Sunday, March 25, 2018

The God Question

Brian Joseph Johns
For the purposes of this article, when I refer to the noun God, I am not implying gender upon that noun and mean in fact that it refers to either an omniscient and omnipotent consciousness (with regard to all of existence and non-existence) of or without a specific gender as we regard that notion in relation to ourselves. So God in the context of this article means Goddess or even androgynous.

Having watched one of my favourite movies of all time on Saturday, it once again caught me off guard with the depth of its questions and philosophy which is a pretty rare thing for me. The film in question is Contact, the movie adaption of the story by Carl Sagan and Anne Druyan which became the novel by Carl Sagan.

One of the major themes and premises of this movie questions the very nature of belief which it does very well by building an equivocal allegory of belief between religion and science. I won't get into details about that aspect of the film so if you haven't seen it, you don't have to worry about dodging spoilers in this article.

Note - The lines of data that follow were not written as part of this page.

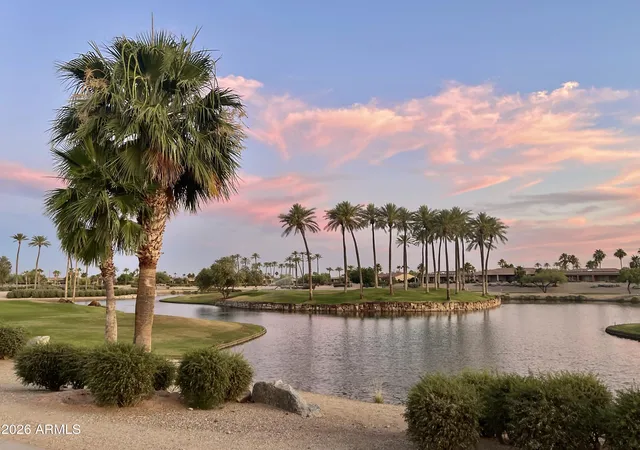 Homes for sale in Surprise, AZ | 16204 W Desert Canyon Dr, Surprise, AZ 85374 | MLS# 7012857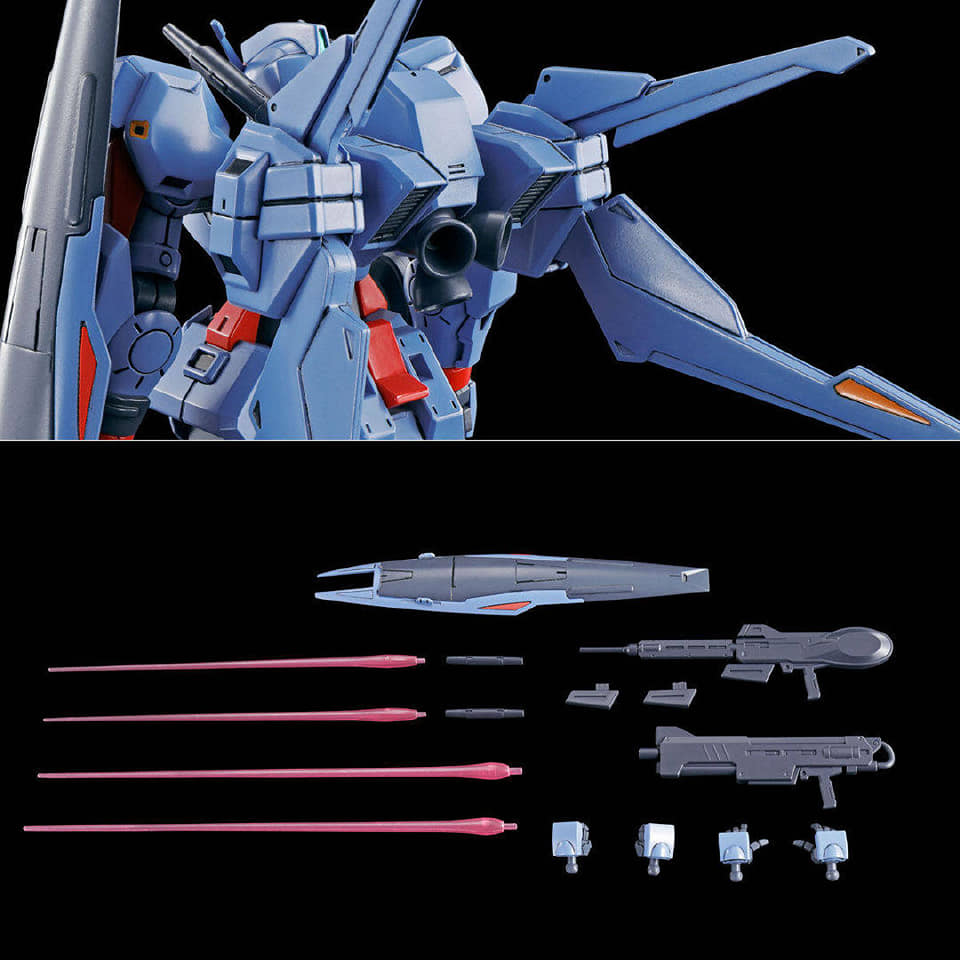 -Toys-P-Bandai-HGUC-Gundam-MK-III (9)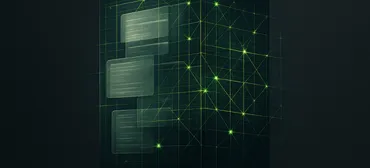 Remembering David Harley, cybersecurity pioneer and mentor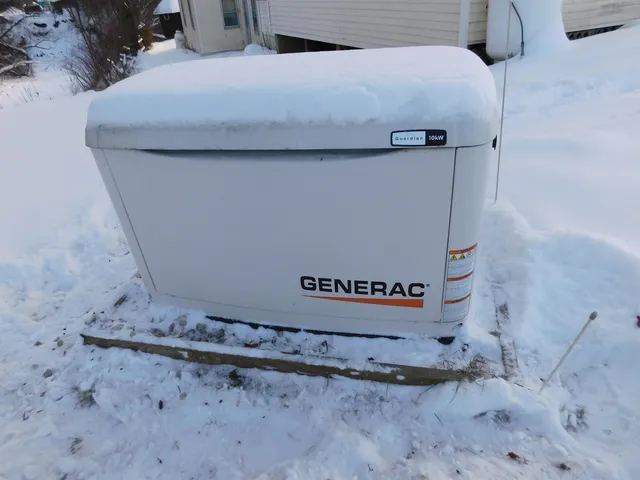 $249,999 | 270 Village Road, Corinth, VT 05040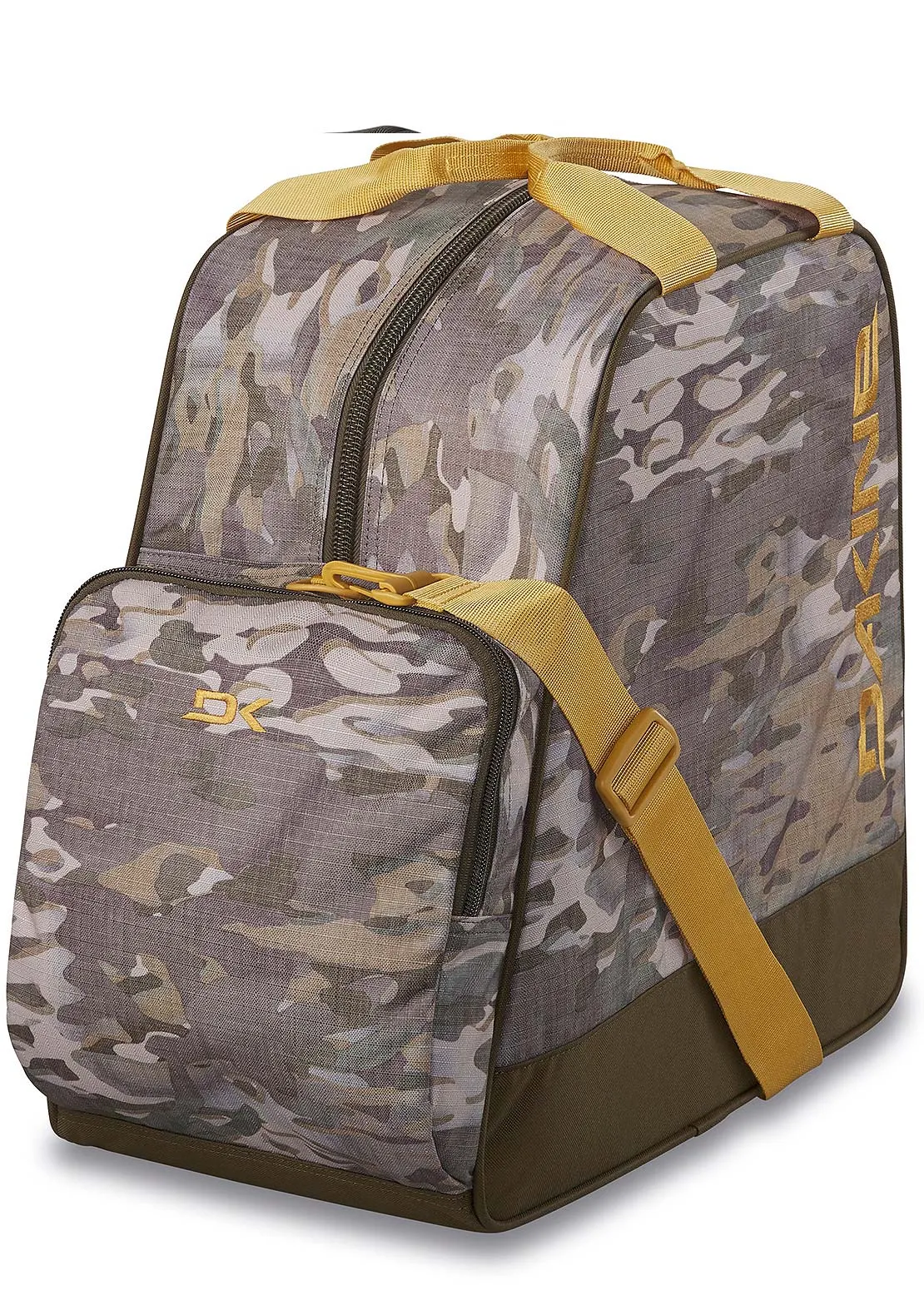 Dakine Men's 30L Boot Bag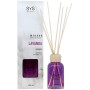 AMBIENTADOR MIKADO MÁRMOL LAVANDA 100ML SYS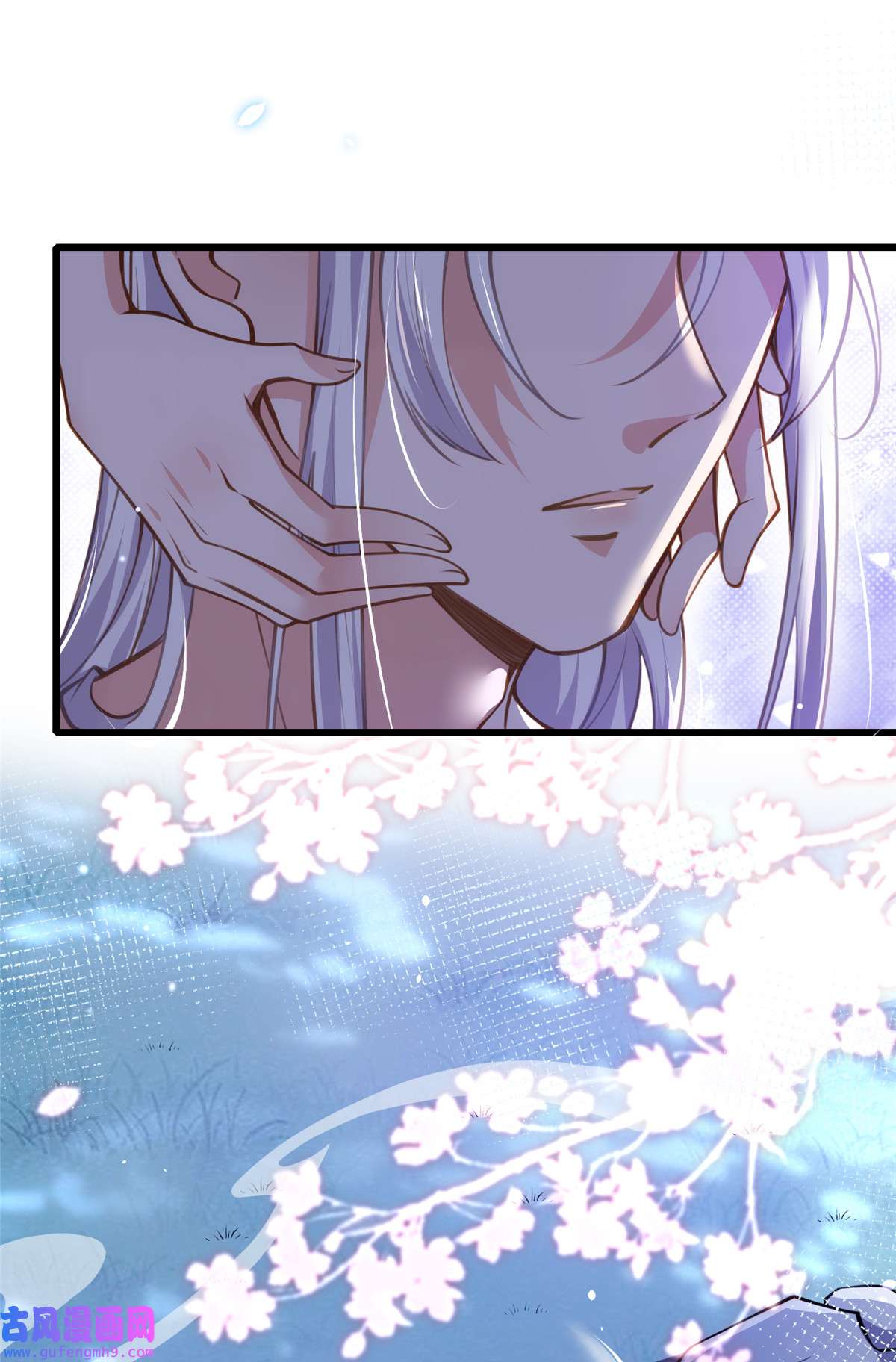 宦妃天下168 今日就要欺师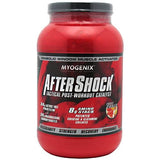 Myogenix After Shock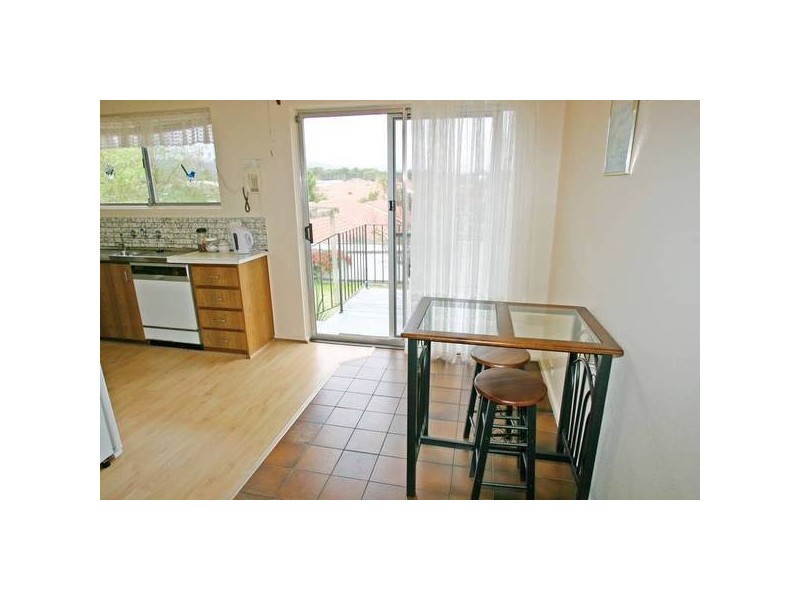 21 Dargie Avenue, Hope Valley SA 5090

Perhaps one of the most important questions of humanity would be: is there a sentient and omnipotent force or consciousness responsible for the existence of both everything and the nothing implied by the fact that there is an everything. I certainly do not seek to answer that question here because in this case the question itself is more important and says a lot about us, especially with regard to what we believe to be the answer to that question.

Consider that everything that we state (including what I am writing here) is a well crafted and staged approximation of our core values and beliefs, and more importantly what we want to limit others knowing about us or of what we want to convince them. With planned communication between people in such a sense, it does tend to be difficult to elicit ideas and concepts when this is the case. When you're trying to protect something about yourself that makes you vulnerable to others. Like your beliefs and nowadays there seems to be no end to people who'll exploit those vulnerabilities, perhaps for the purposes of consciousness hacking (in the negative sense rather than the positive) or some other equally socially cruel experiment. So most of what we communicate is well worded and phrased so as to protect those vulnerabilities. Kind of like a contextual firewall.

Because of the nature of the world and reality, it pays to have as many allies as you can in life. The problem is that people are by their very nature unique each and unto themselves, organizing themselves into many interlocked groups of varying topography eventually and up until we reach the global scale. The cohesion of those groups is all based upon some kind of rules or structure that differentiates one group of people from another through a series of yes no questions that eventually leave only the individual having answered enough of them honestly and accurately.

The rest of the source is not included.